__Entries provided__
§

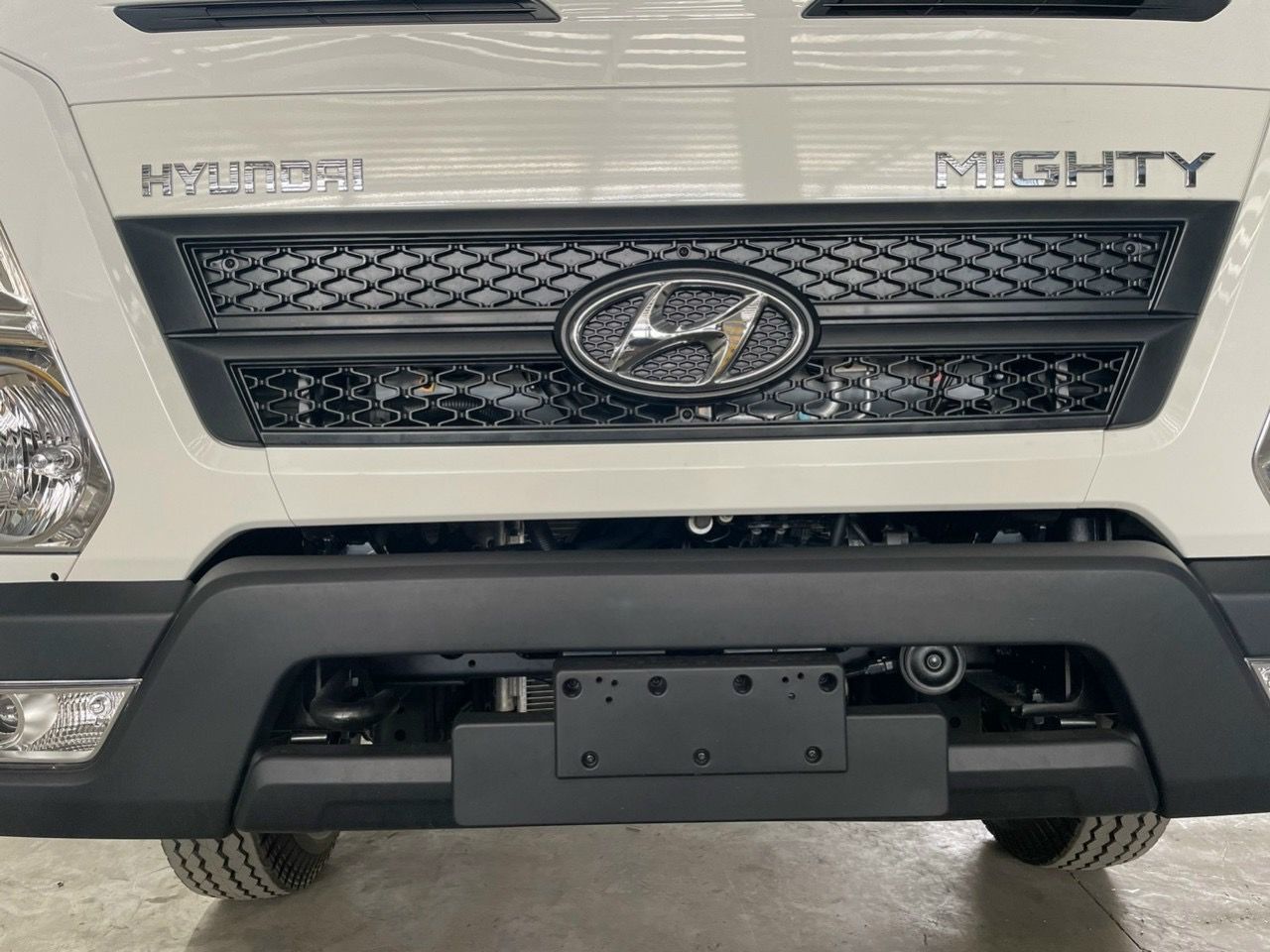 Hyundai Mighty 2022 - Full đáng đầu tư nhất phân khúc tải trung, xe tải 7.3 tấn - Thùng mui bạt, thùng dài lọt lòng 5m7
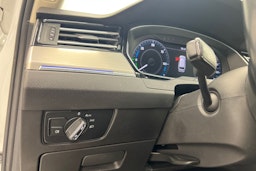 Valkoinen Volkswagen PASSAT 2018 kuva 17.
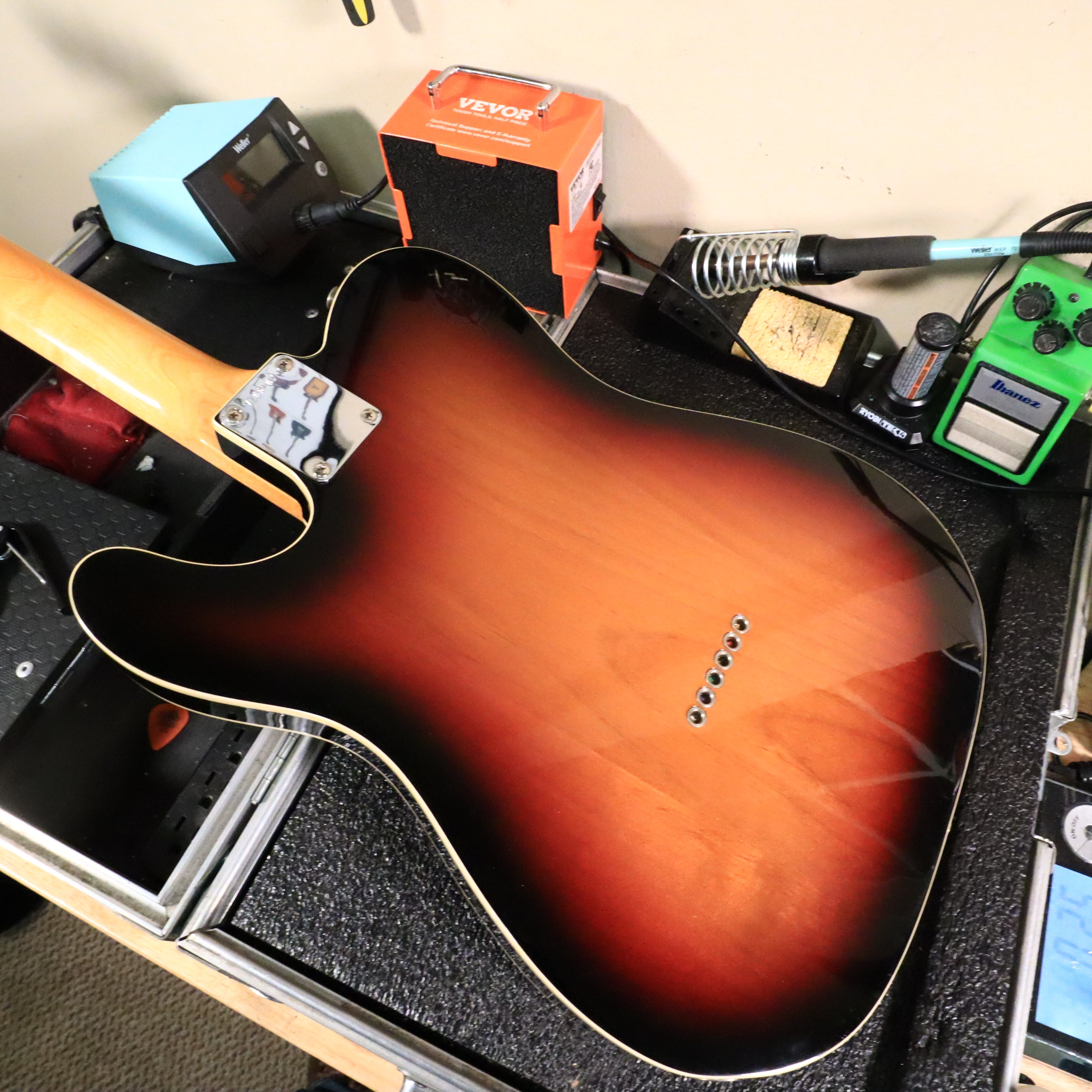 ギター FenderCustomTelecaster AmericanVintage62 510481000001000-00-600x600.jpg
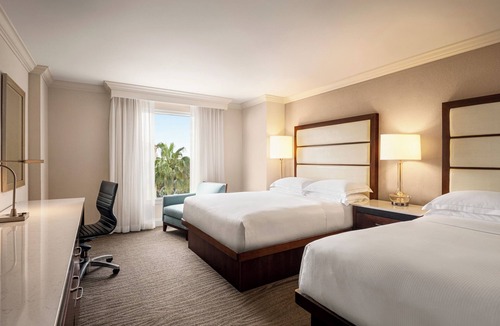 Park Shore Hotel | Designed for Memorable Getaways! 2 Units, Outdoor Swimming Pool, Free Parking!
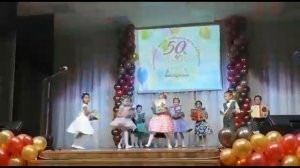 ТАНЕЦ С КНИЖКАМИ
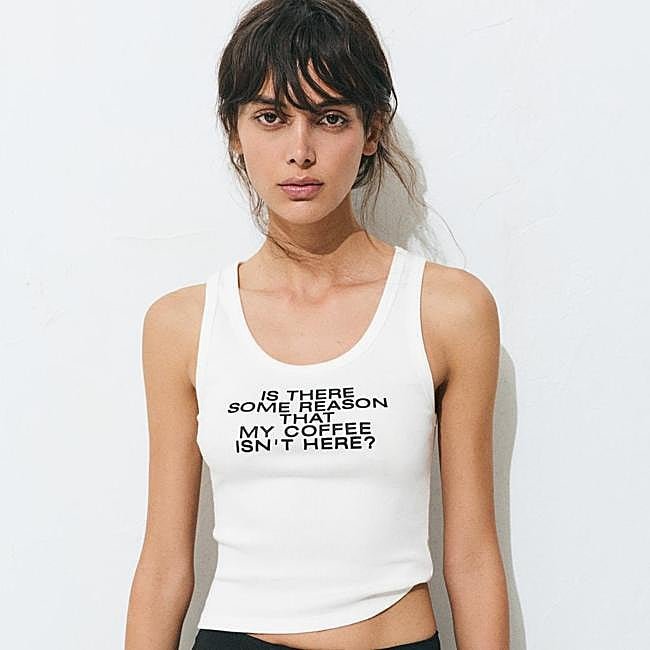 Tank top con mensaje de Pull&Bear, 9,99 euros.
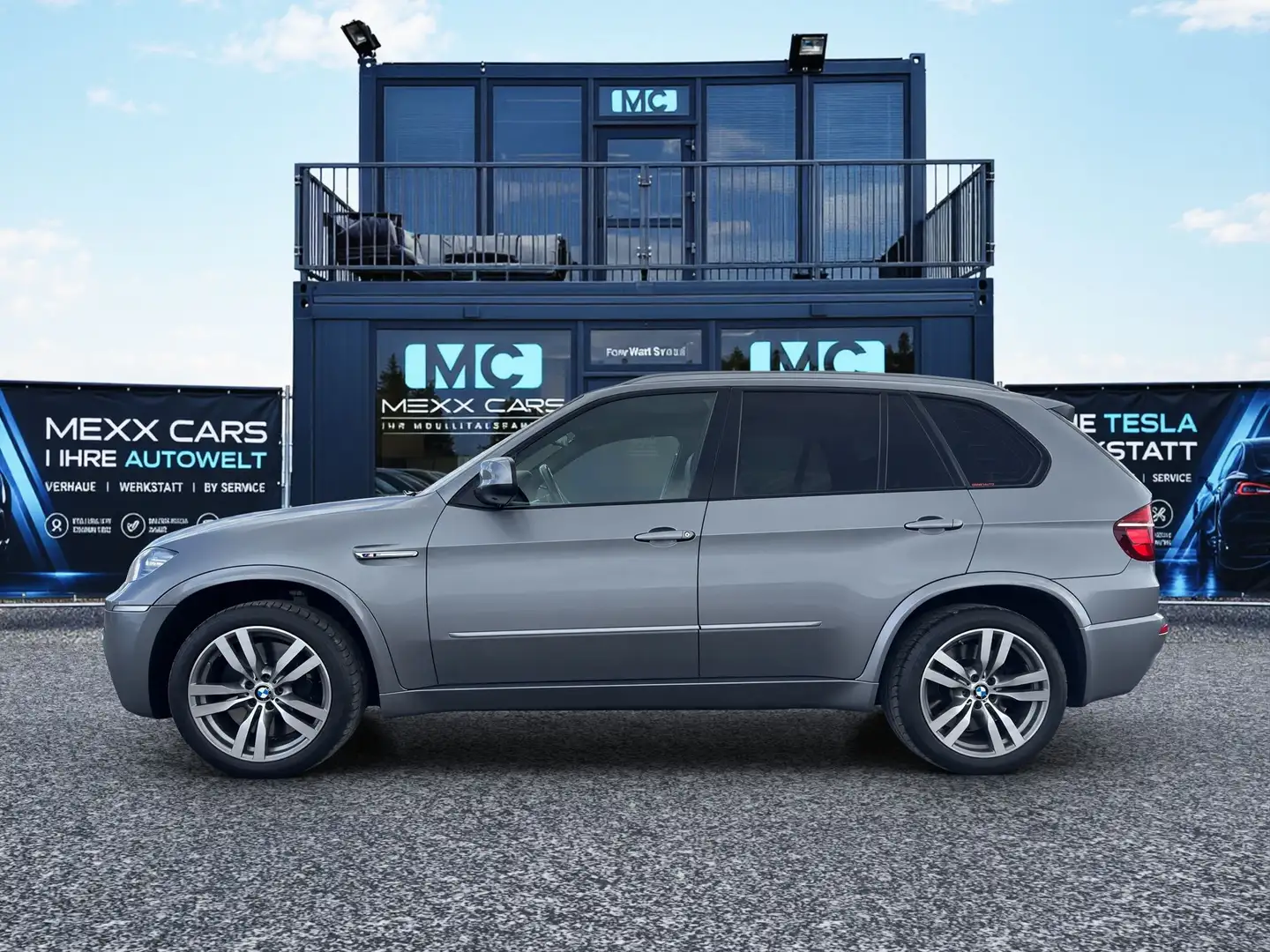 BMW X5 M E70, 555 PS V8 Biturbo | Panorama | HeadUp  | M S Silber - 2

§

__Aim of the task__
What is needed is a verbatim copy of the lines running from the one with "ТАНЕЦ С КНИЖКАМИ" through the last line of the listing above, excluding any pictures.

__Response to the exercise__
 ТАНЕЦ С КНИЖКАМИ
 Tank top con mensaje de Pull&Bear, 9,99 euros.
 BMW X5 M E70, 555 PS V8 Biturbo | Panorama | HeadUp  | M S Silber - 2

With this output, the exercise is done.